In the movie Annie Hall, Woody Allen presents a scene which has to still be one which resonates with the vast majority of viewers. Both main characters are visiting therapists, and both therapists ask about the frequency of sex in the relationship. Alvy Singer: [lamenting] “Hardly ever. Maybe three times a week.” Annie Hall: [annoyed] “Constantly. I’d say three times a week.”
Everyone has not only heard that joke, but lived it. That is why it worked so well.
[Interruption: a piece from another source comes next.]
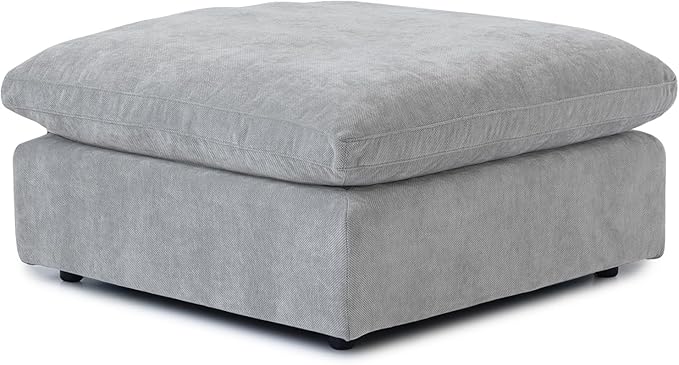 JACH Modular Ottoman Seater for Living Room, Cushion Covers Removable, Minimalist Comfy Footstool, Breathable Ottoman for Living Room Apartment (Light Grey)-Ruum Studio Home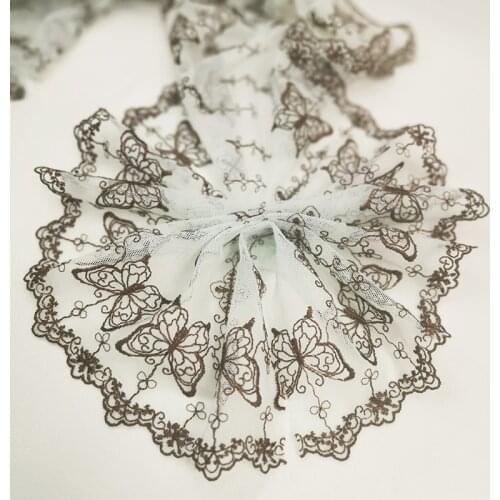 2Meters Butterfly Lace Trim Embroidered Ribbon Applique Fabric DIY Wrapping Sewing Clothing Ribbon Accessories 21cm Width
It turns out that there is something factual in this observation in real life. Therapists insist that “the majority of Americans in their 30s and 40s want to have sex with their partner two to three times per week” [Dr. Eric Grasser] while others claim that once a week is plenty, provided it’s orgasmic [Arianne Cohen, author of The Sex Diary Project: What We’re Saying About What We’re Doing]
It doesn’t stop there. Marriage and family therapist Sharon Gilchrest O’Neill claims, “In our 30s, we might generally expect a desire of (having sex) more than once a month.” Note that she uses the term “desire” and not the term “actually having” in her comment.
On the other hand, female newlyweds -asked about the frequency of their sex lives, responded with “Doing it once a week is a good week for us” and “I think I’m happy if we hit the twice-a-month mark” and “It’s been at least two months since we’ve done the deed.”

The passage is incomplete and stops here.